No que respeita às aparições “Marianas”, a entidade surge aos olhos do vidente num cenário de cambiantes muito singulares e ímpares se analisados do ponto de vista da ovnilogia incluindo os seus possíveis objectivos. Nestes casos, a personagem manifesta-se criando uma atmosfera envolvente que propicia reacções positivas que, actuando no vidente, o transforma num elemento altamente receptivo. Deste modo, a testemunha/vidente absorve, sem reservas e sem qualquer temor, não só a mensagem, como lhe confere no final, um cunho espiritual, religioso ou afim. 
Em regra, este tipo de aparições, contrariamente às que são catalogadas como manifestações do tipo "ovni", acontece à luz do dia. Também, o conteúdo da “mensagem” é diferente. No primeiro caso, são exortados valores universais, de ordem moral e de postura cívica, como a paz, o amor ao próximo, o respeito mútuo, a preservação das espécies e do meio, e de um modo geral, os mais elevados valores morais e espirituais, como a iniciação à oração, meditação e penitência. São sugeridos métodos de conduta individual e colectiva. Por fim, na maior parte das vezes, é ordenado à testemunha, com o recurso a algumas “técnicas de sugestão”, a edificação, no local do “encontro”, de um marco que perpetue o evento. 

Daí os templos propiciando periódicas romagens e peregrinações de muita gente sintonizada na mesma onda de fé ao local do acontecimento. Com que objectivos? Não se sabe. 
Pode dizer-se que os processos utilizados pelas entidades “Marianas” acabam por atingir os seus reais propósitos. Pelo contrário, as “mensagens” alegadamente conotadas com ETs, podendo até revestir-se de um conteúdo semelhante, acabam por não surtir o mesmo efeito. Talvez, quem sabe, não façam parte de um “plano global” ou não possuam um real objectivo, ou destinam-se, somente, a influenciar a consciência de um número extremamente reduzido de indivíduos. 

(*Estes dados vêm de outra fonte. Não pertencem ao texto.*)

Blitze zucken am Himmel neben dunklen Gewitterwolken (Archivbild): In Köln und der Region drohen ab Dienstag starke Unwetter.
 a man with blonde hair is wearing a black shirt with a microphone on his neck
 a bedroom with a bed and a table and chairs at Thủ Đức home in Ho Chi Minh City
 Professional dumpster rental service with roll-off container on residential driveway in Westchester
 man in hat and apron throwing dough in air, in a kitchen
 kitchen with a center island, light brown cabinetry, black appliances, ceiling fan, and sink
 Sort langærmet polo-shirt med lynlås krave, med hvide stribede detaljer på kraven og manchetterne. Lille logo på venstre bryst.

Nos casos “Marianos”, a entidade procura deliberadamente um contacto, com fins muito específicos. No que respeita a entidades relacionadas com os "ovnis", estas manifestações, na maioria dos casos, parecem associadas a um mero acaso. De facto, salvo situações particulares, este tipo de aparição é fugaz, fazendo supor que, os planos destas entidades apontam para objectivos diferentes. 
Numa visão global do fenómeno das aparições de entidades antropomórficas existem muitos pontos comuns entre os dois tipos de observação apesar de possuírem objectivos aparentemente distintos
. Analisando todas as vertentes deste mistério, quer na sua vertente “Mariana”, quer na de alegada “procedência extraterrestre”, ambas parecem possuir um ponto de origem comum. Parecem tratar-se de manifestações de um mesmo fenómeno ou origem e talvez a mesma finalidade, embora utilizando “meios” diferentes. Sem querer especular demasiado, pode-se admitir que existam entidades capazes de “manipular” a mente humana, de modo a criar no vidente a sensação de contacto. 
É um problema em debate e um desafio para a Humanidade.